→ PROBLEM DETAILS: What's needed is a word-for-word retyping of the entries below, pictures omitted.

____________

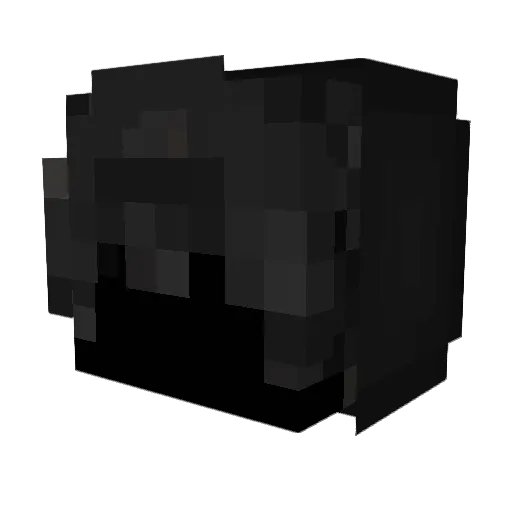 itziMC_ Minecraft avatar head, 3D render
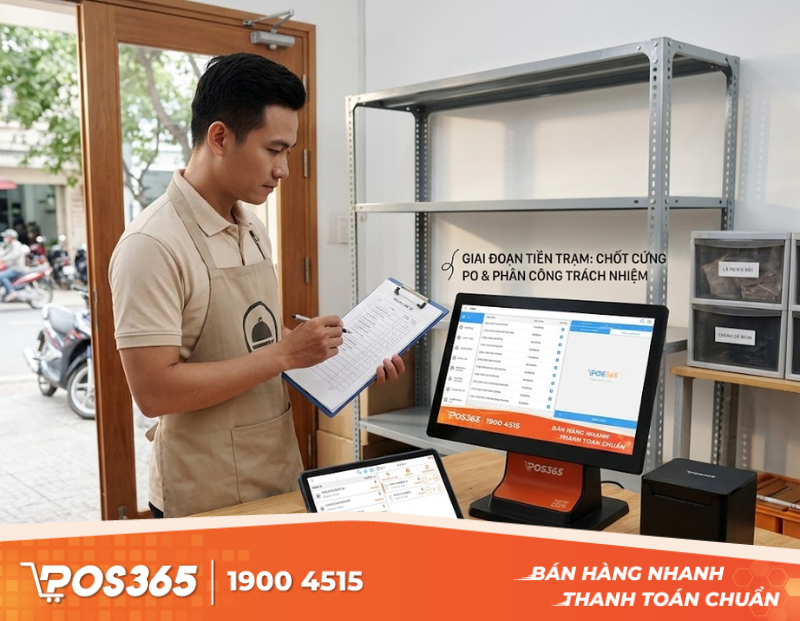 Chuẩn bị trước khi h&agrave;ng tới (Giai đoạn tiền trạm)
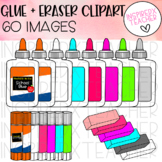 Glue Clipart + Eraser Clipart - InspiredxTeacher Clipart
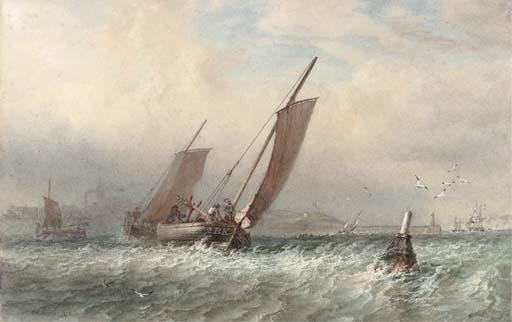Sir Oswald Walter Brierly, R.W.S., F.R.G.S. - Heading out to the fishing grounds
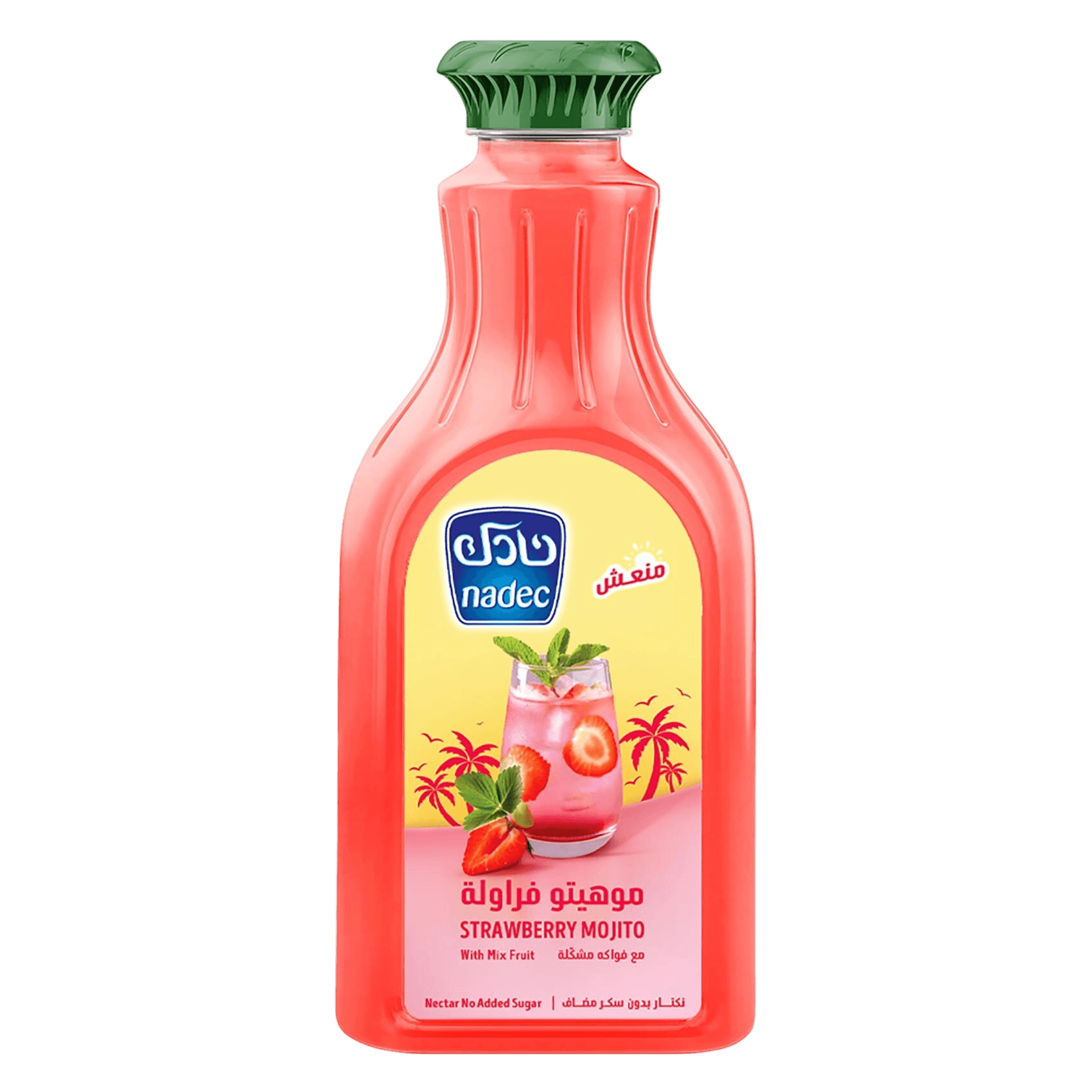 نادك نكتار موهيتو الفراولة مع الفواكة 1.3 لتر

____________

→ EXERCISE SOLUTION:
 itziMC_ Minecraft avatar head, 3D render
 Chuẩn bị trước khi h&agrave;ng tới (Giai đoạn tiền trạm)
 Glue Clipart + Eraser Clipart - InspiredxTeacher Clipart
Sir Oswald Walter Brierly, R.W.S., F.R.G.S. - Heading out to the fishing grounds
 نادك نكتار موهيتو الفراولة مع الفواكة 1.3 لتر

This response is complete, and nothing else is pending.